Ini pastinya agenda besar dan agenda besar membutuhkan upaya keras. Tapi YLBHI tidak pernah bermaksud berjalan sendiri, tidak di depan, tidak di belakang. Orang hukum atau pengacara bukan penonton di pinggiran yang baru datang setelah masalah terjadi. YLBHI akan dan harus berjalan bersama rakyat. Ini bukan agenda orang per orang, ini agenda kita bersama.
Masalahnya tinggal satu saja, bagaimana membuat sebagian besar orang bergerak. Seperti yang dikatakan Indonesia Raya, bangunlah jiwanya, bangunlah raganya. Raga hanya digerakkan oleh jiwa yang bangkit. Dan di masa kini hal ini susah-susah gampang. Mudah karena media sosial mampu menyebarkan pesan dalam waktu detik ke ribuan orang. Tapi sulit karena semua merebut ruang itu dan perebutan ini tidak netral. Ada yang dibiayai anggaran besar, memiliki kakak pembina, memanfaatkan kekuasaan dll, yang benar jadi salah, yang salah jadi pahlawan. Oleh karena itu sudah saatnya kita kembali ke masyarakat, memperkuat rakyat. Memperkuat negara telah nyata menjadi taktik yang bangkrut.

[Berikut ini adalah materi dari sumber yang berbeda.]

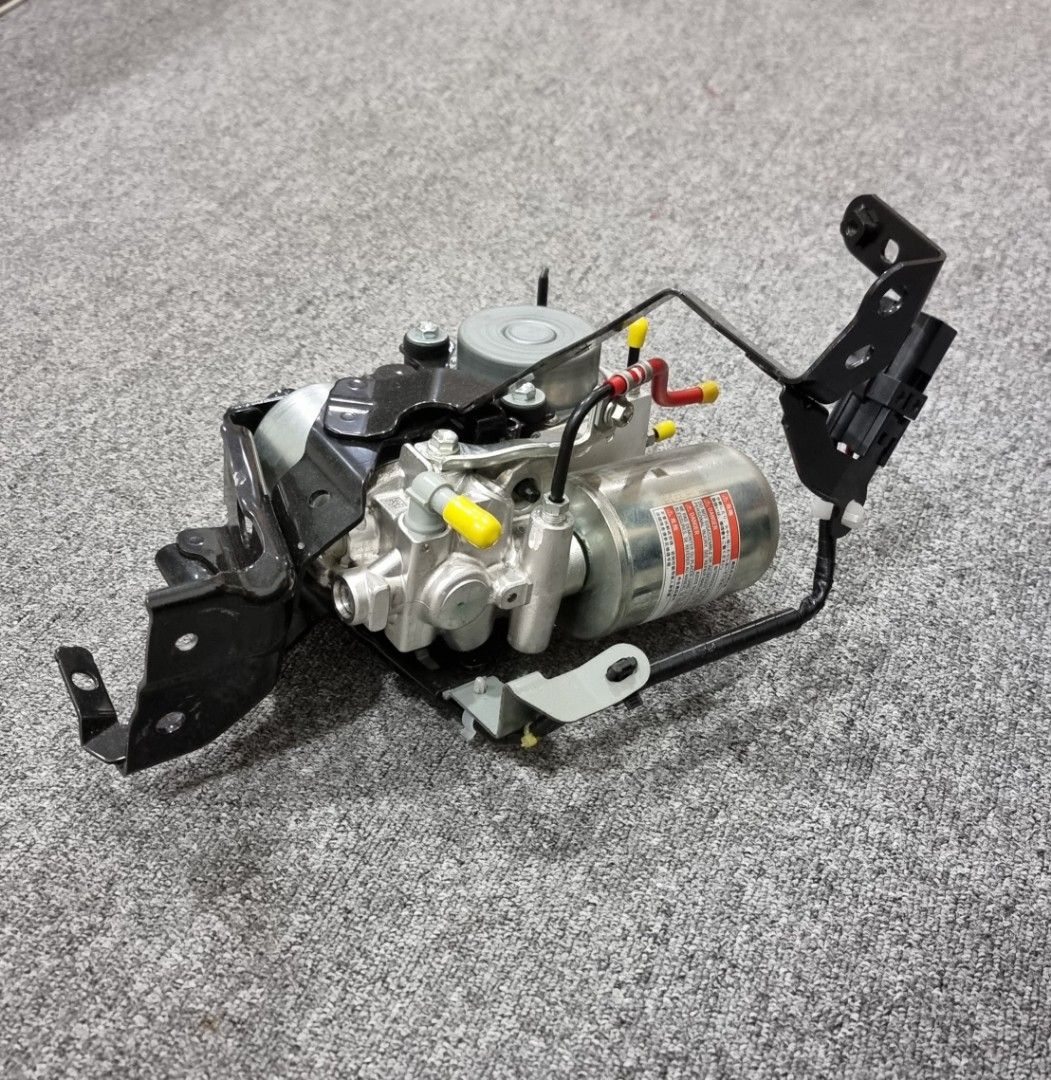 Toyota Prius / Sienta ABS Pump, Car Accessories, Car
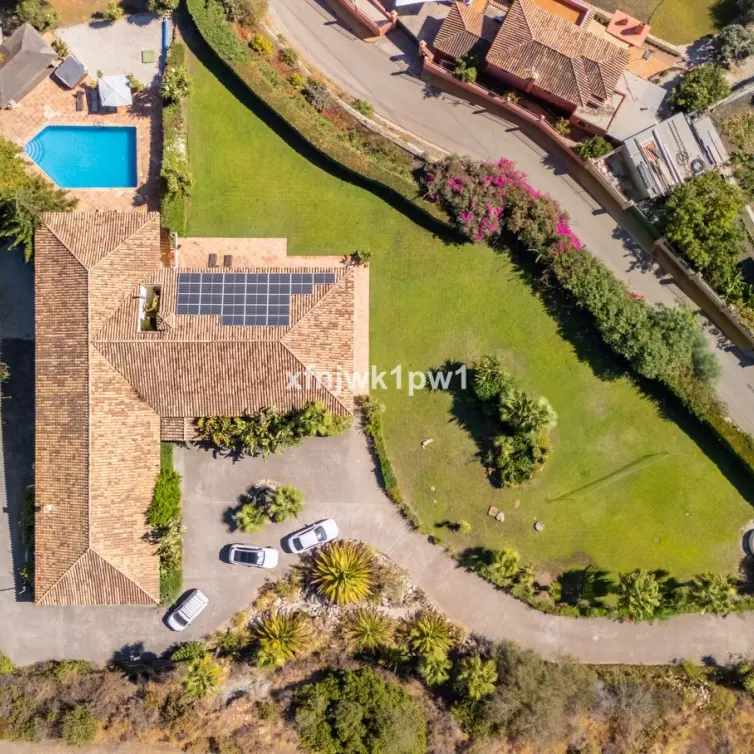 Sale of detached villa in Benahavís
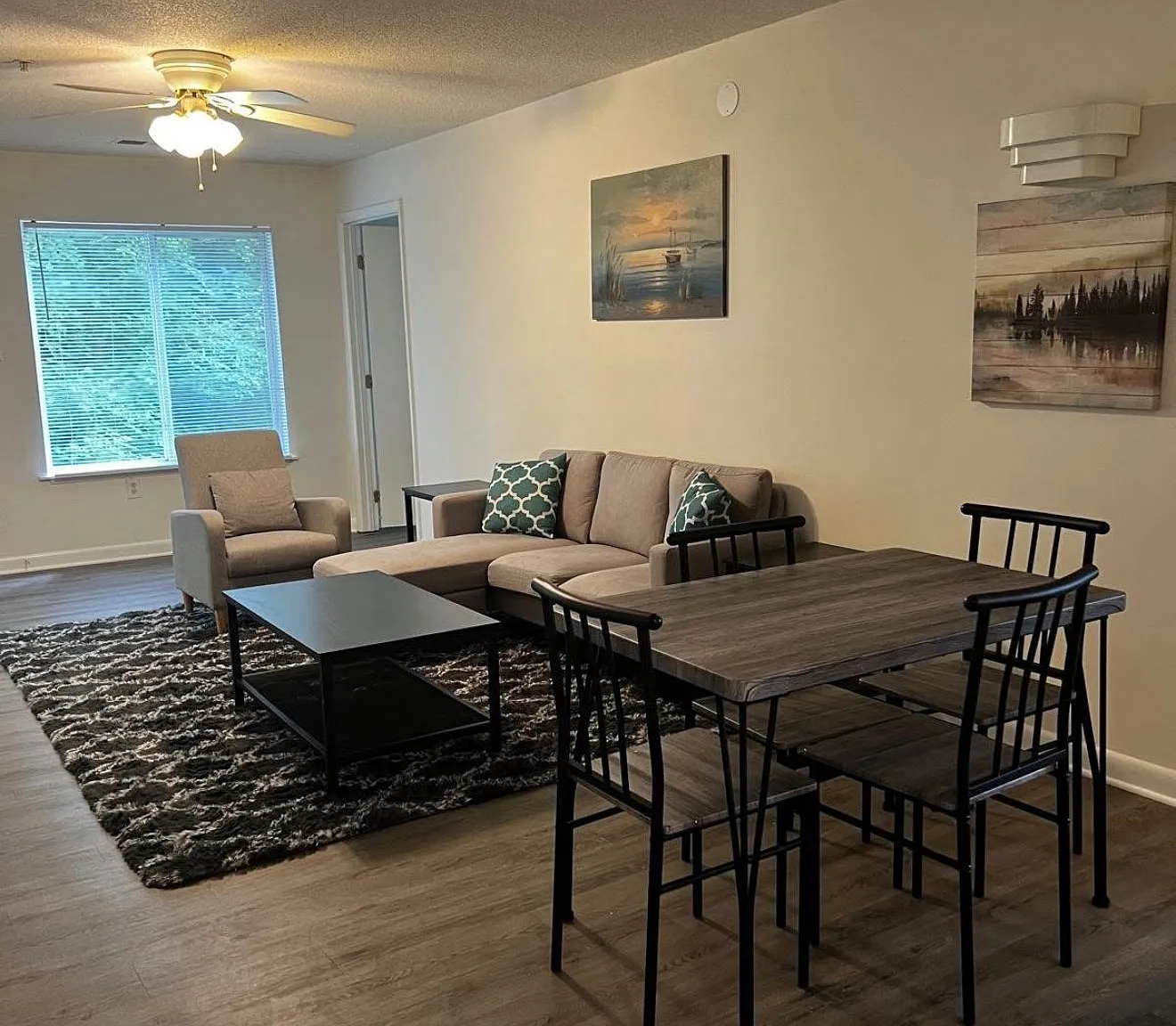 4 bed, 1200 sqft, $700 — Photo 2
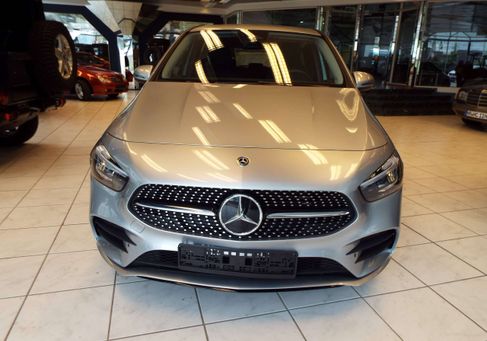 Mercedes-Benz B 180, 2024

Saatnya kita menengok diri sendiri. Tidak ada orang korup yang berhak berteriak tentang anti korupsi. Karena itu dengan rendah hati kita harus selalu mengengok ke dalam, tidak boleh ada tempat untuk pelaku kekerasan seksual, orang yang korup, pembela penjahat kemanusiaan dll. Tetapi menjaga integritas tidak cukup. Semua orang tahu ini adalah jalan pedang. Karena itu kita selalu menjadikan LBH-YLBHI sebagai lembaga kader. Artinya siap memimpin dan dipimpin. Kita menjadi pemimpin bukan karena keinginan individual dan menundukkan diri kepada pemimpin yang kita pilih karena sadar kerja bersama selalu lebih baik dari kerja individual. Dalam jalan ini kerja bersama saja belum tentu menang, jadi mengapa kita harus bertengkar dengan sesama.
Pesan terakhir kami, perlakukan selalu kawan berbeda dari lawan. Dan apa yang kami maksud kawan bukan teman kongkow, teman sepermainan, teman sedaerah, teman satu sekolah, tapi teman seperjuangan. Apabila kita sering mengasihani orang yang kita anggap jahat, mengapa teman sendiri layak diperlakukan dengan kejam. Apabila kita memperlakukan teman seperjuangan seperti lawan, sesungguhnya ego kita masih dominan. Padahal dalam jalan ini, sesungguhnya kita, individu-individu mati, melebur, gerakan yang hidup. Karena itulah kita semua hadir…dan saling bertaut.